Resemble AI has released DramaBox, an open-source text-to-speech model that takes screenplay-style prompts and turns them into voiced performances. Dialogue goes inside quotes. Stage directions, like sighs, whispers, or a cracking voice, sit outside the quotes, and the model treats them as performance cues rather than words to speak. The model card is live on Hugging Face.
Voice cloning is optional. A 10-second reference clip locks the timbre while the prompt still controls emotion and pacing. Skip the reference and DramaBox invents a voice from the speaker description.

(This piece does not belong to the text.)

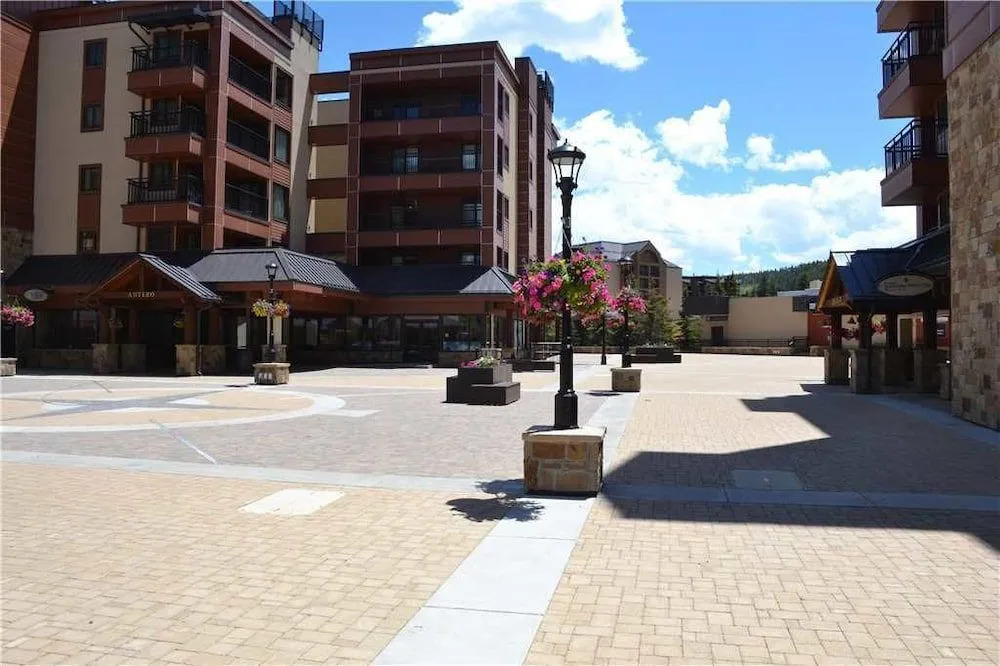 Village Chateaux 1053 by Great Western Lodging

Output is 48kHz stereo, and every clip gets a Resemble Perth watermark that the company says survives MP3 compression and routine edits at near-100% detection accuracy.
Under the hood it is an IC-LoRA fine-tune of Lightricks' LTX-2.3, the 3.3B-parameter audio branch of the LTX-2 video model, conditioned on Gemma 3 12B text embeddings at 4-bit quantization. Resemble's launch post pegs generation at around 2.5 seconds on a warm H100 with roughly 24 GB peak VRAM. The release is English-only, which Resemble calls deliberate, trading language coverage for quality on directable speech.
Code is on GitHub under the LTX-2 Community License, and the trainer supports stacking your own LoRA on top of the DramaBox checkpoint. Performance and watermark robustness claims are self-reported; no third-party evaluations have surfaced yet.
Bottom Line
DramaBox runs in roughly 2.5 seconds on a 24 GB H100 and watermarks every output by default unless explicitly disabled.
Quick Facts
- Base model: LTX-2.3 audio branch, 3.3B parameters
- Text encoder: Gemma 3 12B at 4-bit quantization
- Voice cloning reference length: 10 seconds
- Output: 48 kHz stereo with Resemble Perth watermark
- Peak VRAM: approximately 24 GB on H100 (company-reported)
- Language support: English only at launch